No Good Alternative to JCPOA 
No Good Alternative to JCPOA 

European Union’s top diplomat, Josep Borrell, said he has not given up on efforts to rescue the 2015 Iranian nuclear deal.
In an interview with the Wall Street Journal, Borrell said, “As far as I know, there is not an alternative to this deal to try to avoid Iran becoming nuclear.”
Tehran says its nuclear program is for peaceful purposes and has no military aspects. 
Borrell—who is the coordinator of the nuclear negotiations—has found himself under attack from opponents of the pact. They see him as personifying Europe’s attachment to the deal, which lifted international sanctions on Iran in exchange for temporary restrictions on Tehran’s nuclear program.
France, Britain and Germany—who negotiated the 2015 deal alongside the US with Iran—remain supportive of reviving the deal. However some European diplomats are gloomy about the agreement’s survival.

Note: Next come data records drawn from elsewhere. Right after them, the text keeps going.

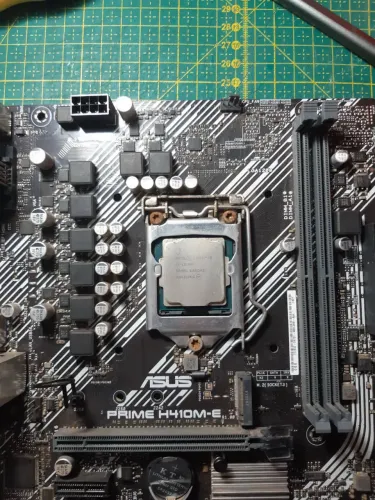 Kit Intel i3-10100f + H410M-E (Acompanha Gabinete Pichau)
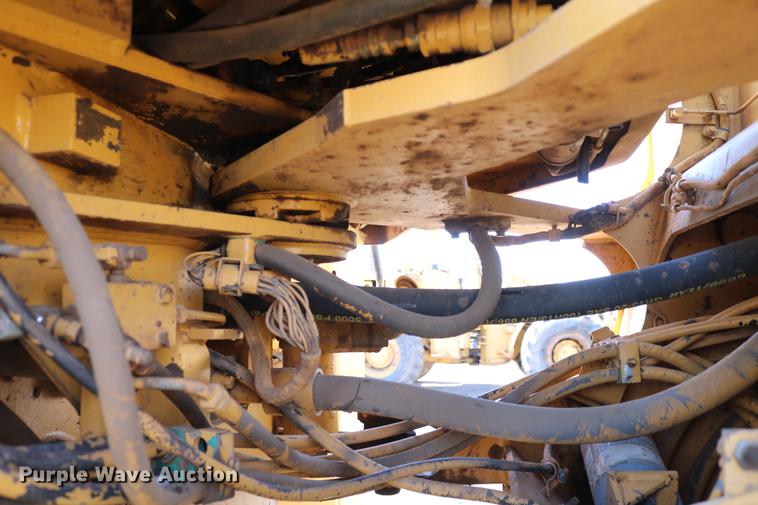 image for item DC7593 1996 Caterpillar 960F wheel loader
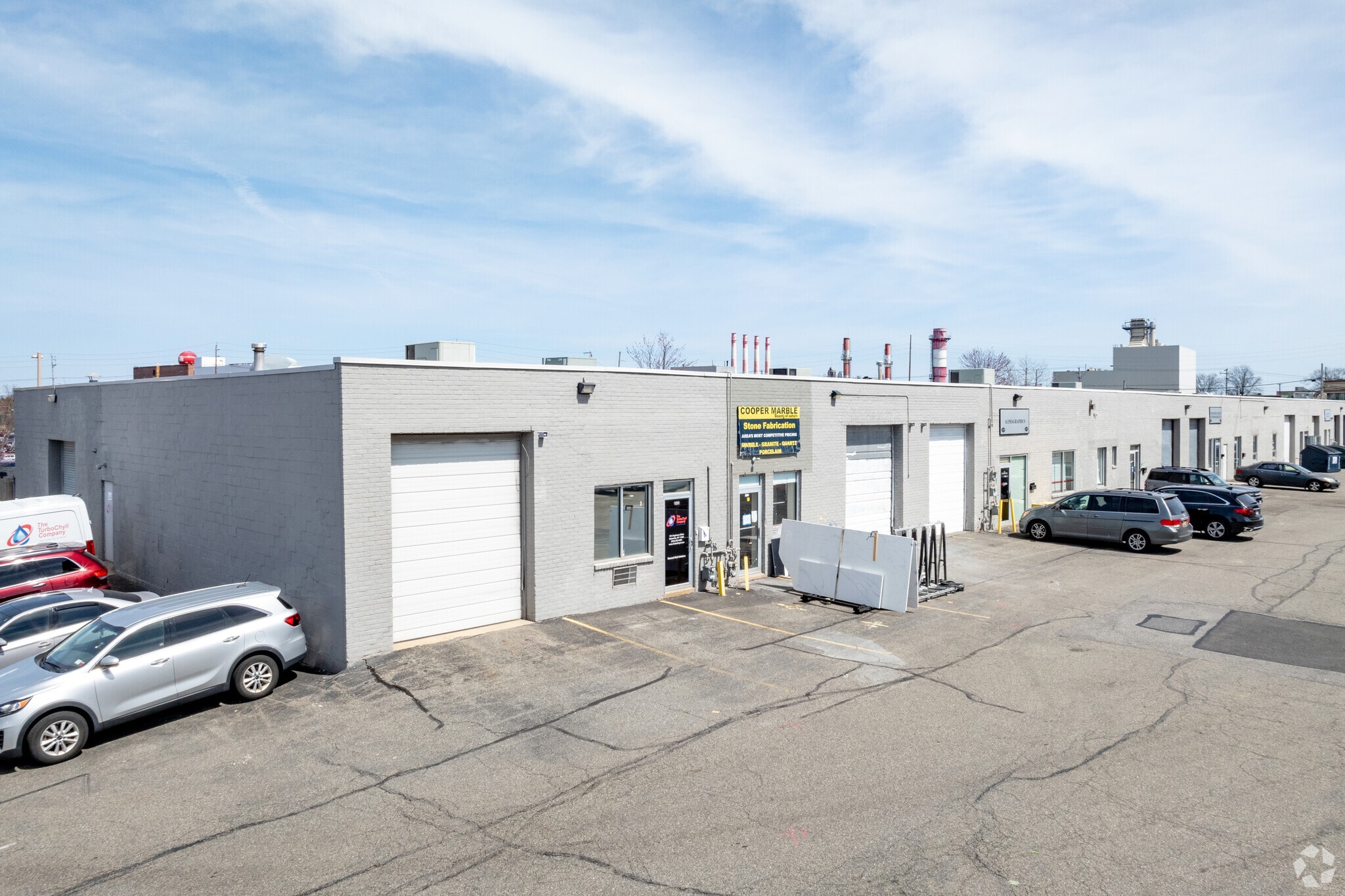 80-131 Engineers Dr, Hicksville, NY for lease Primary Photo- Image 1 of 8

The veteran Spanish politician is also under pressure from Tehran. Iran has warned that EU sanctions on Iran and a German proposal to list Iran’s Islamic Revolution Guards Corps as “a terrorist organization” could lead to a collapse in ties and risks to European security.
In the US, the ranks of skeptics about the diplomacy have swelled recently to include some people who strongly supported the deal in 2015.
The odds of reviving the deal currently appear to be minimal. Former President Donald Trump in 2018 withdrew the US from the deal, contending that it was “a horrible, one-sided deal.”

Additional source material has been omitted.